Struggle for Mastery: Disfranchisement in the South, 1888-1908 by Michael Perman

Struggle for Mastery: Disfranchisement in the South, 1888-1908 by Michael Perman

Author:Michael Perman [Perman, Michael]
Language: eng
Format: epub, pdf
Tags: political science, Civil Rights, Social Science, Ethnic Studies, African American Studies
ISBN: 9780807825938
Google: RtuQQgAACAAJ
Publisher: University of North Carolina Press
Published: 2001-11-15T00:11:55.338532+00:00


Problems of the Convention

The vote in May 1900 on whether to call a convention and the election in May 1901 to choose delegates both indicated that the base of the movement to reform the state’s governmental and electoral system was quite narrow. In the referendum vote, 77,362 endorsed the call and 60,375 opposed it.

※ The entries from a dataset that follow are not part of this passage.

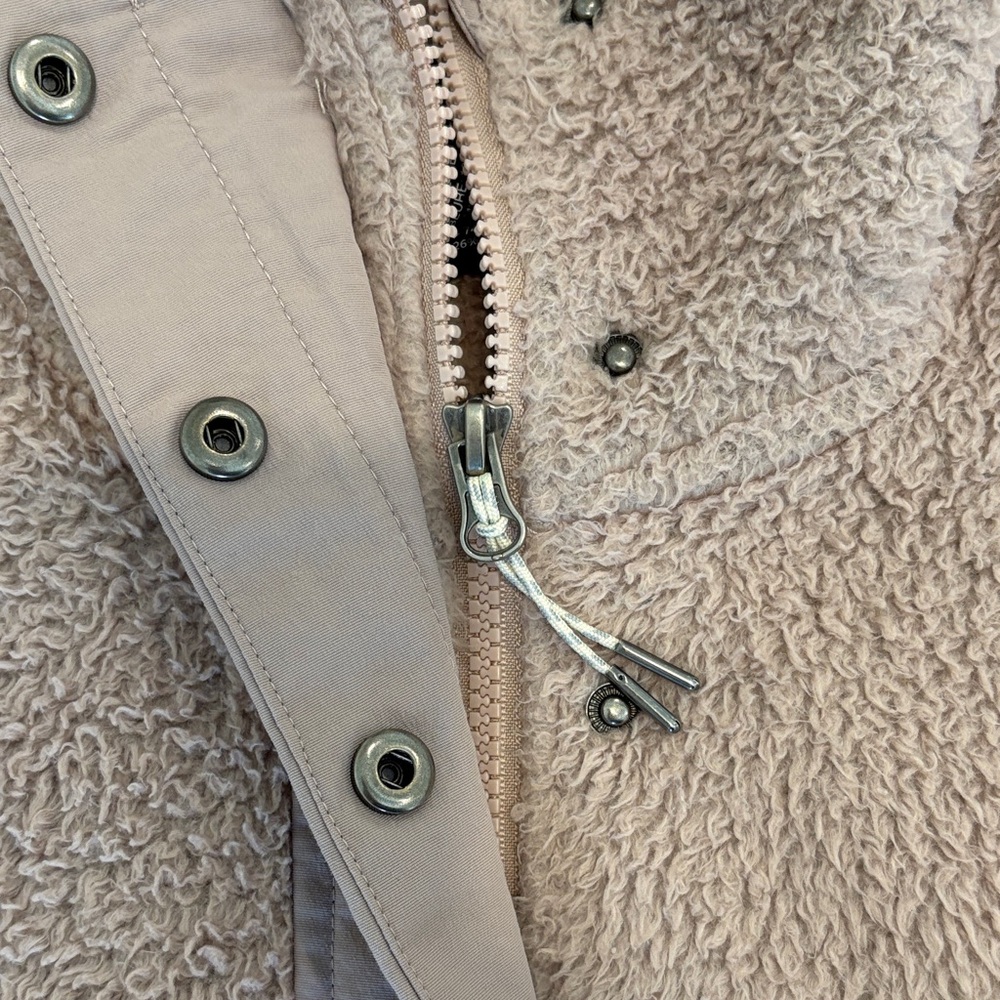 Pink Vuori Sherpa Jacket with Zipper Details - Picture 4 of 6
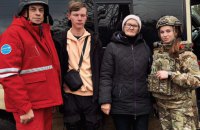 На Харківщині поліцейські та волонтери евакуювали бабусю з онуком 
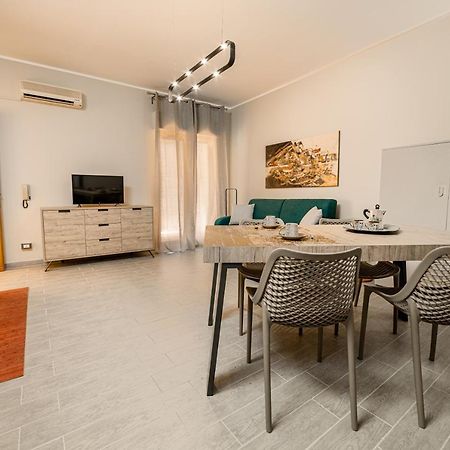 Mondello - Addaura - Le Dimore Dello Zodiaco - Dimora Della Vergine Apartment Palermo Bagian luar foto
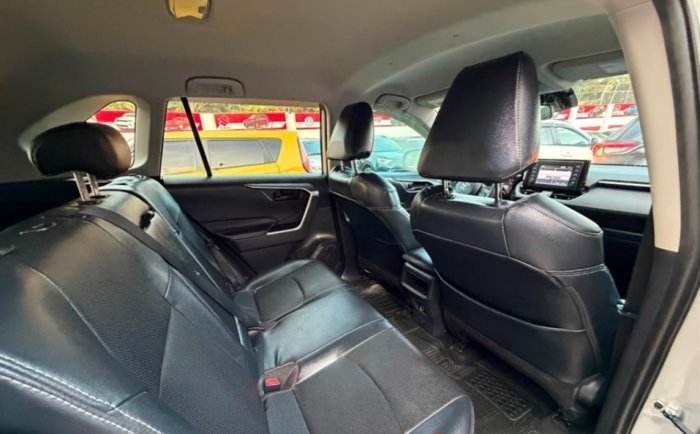 Foto 6 de 2019 Toyota RAV4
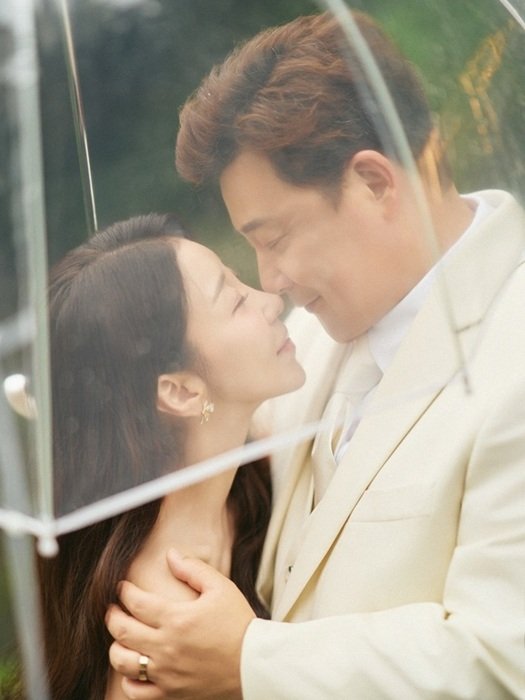 '53'세 윤정수, 12살 연하 원진서와 오늘 화촉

This vote was only about half of the 264,000 votes polled in the national election later that year, and it was nearly 310,000 less than the number eligible to vote.36 “The vote cast was small,” acknowledged the Richmond Dispatch. Heavy rains on election day and the demands of tobacco planting at that time of year may have contributed to the low turnout, but still, the paper noted, “both sides were apathetic.”37 Certainly the Martin organization made no effort to get out the vote, and the corporations were unenthusiastic. But among Republicans and African Americans, there was less activity than might have been expected in view of the disfranchising threat to poor voters, black and white. Nevertheless, more counties opposed (52) than favored (48) a convention.38 This meant that the stuffed ballot boxes of the Tidewater and the Southside carried the election statewide, along with a large turnout in the cities, which generally supported a convention.39 Besides the heavy vote in the black belt, which was obviously fraudulent, the dishonesty of the proconvention forces was also evident in the form of the ballot itself. The assembly had approved Hal Flood’s proposal that only the words “For Convention” be printed on the ballot, forcing opponents to scratch it out—and only in the prescribed manner or their ballot would be thrown out. In a second desultory canvass to select delegates, held a year later in the midst of Montague’s campaign for the Democratic nomination for governor, 88 Democrats were returned and 12 Republicans, all but 2 of whom came from the mountain areas west of the Blue Ridge. The Democratic members, whose political experience and standing had, the Dispatch liked to think, deterred opponents from running against them, included a U.S. senator, six former congressmen, and one incumbent, Flood, along with a massive body of sixty-four lawyers, most of them past or present officeholders as judges or commonwealth attorneys.40

By the time the convention assembled, this body of politically experienced and professional men was aware that sentiment was “most crystallized,” as the Dispatch phrased it, on “negro suffrage,” “the paramount question” before them.41 Even a year earlier, the Democratic Party chair, J. Taylor Ellyson, had stated that “the greatest of all questions to be considered by the convention is that of negro suffrage.”42 Therefore, in his presidential speech at the start of the convention, John Goode spent most of his time outlining the suffrage provisions formulated and implemented by other southern states in preparation for Virginia’s deliberations on the issue.43 Not surprisingly, the suffrage committee was the most important committee to be formed. As evidence of its significance, Senator Daniel, the state’s best-known and most respected public figure, rejected the offer of the convention’s presidency in favor of chairing the suffrage committee.